KevinB · June 19, 2019, 2:45am

I have started reading this paper, and I am having some questions as I read through it so I was hoping somebody else has either read it or is wanting to read it and discuss the paper. So far, it is a really interesting read and I think it is a worthwhile ready, but I am having troubles with some of the results. If you look at Table 2, it shows Majority Vote

and it looks terrible, so my thought is that “Majority Vote” is probably what the authors assume the minimum value is for this field but was hoping if somebody else has read through this, you could provide your input.

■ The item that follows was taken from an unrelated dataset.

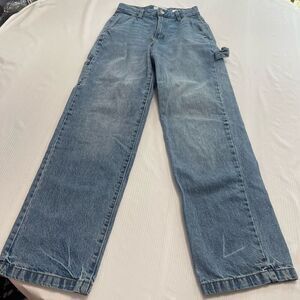 Cotton On Women’s Carpenter Denim Jeans Size 2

bfarzin · June 29, 2019, 5:08pm

I’m reading this paper now. I think that majority vote picking the single most common class or output and applying to all cases. At the end of section 2 the authors say “all sets are balanced having equal number of instances in each target class”

With sentence lenght, they claim to have 6 buckets and equal weighted. I’m guessing they used dummy vars and 5 groups. So picking on group for all classes you get 20% accuracy as displayed. For TopConst they have 20 way output and equal so 5%. For the others to the right, 50% is just guessing a single category for all of them.

Like you said, I think this is the floor. You have a binary or multi class problem and it is balanced and you guess a single class.

It is an interesting platform to “test” how well the encoder works for general problems. Have you tried to implement the techniques and compare to their data? If not, do you want to work on that together? I bet we’d learn a lot about how these architectures all work by matching the results.

KevinB · June 29, 2019, 6:35pm

I’m interested in implementing but there are a few pieces I don’t understand with the tests.

Some of the more intuitive tests should definitely be doable though.

KevinB · July 3, 2019, 2:36am

Here is the data that they used so I think this should be a good starting point to try recreating their results.

~~https://github.com/facebookresearch/SentEval~~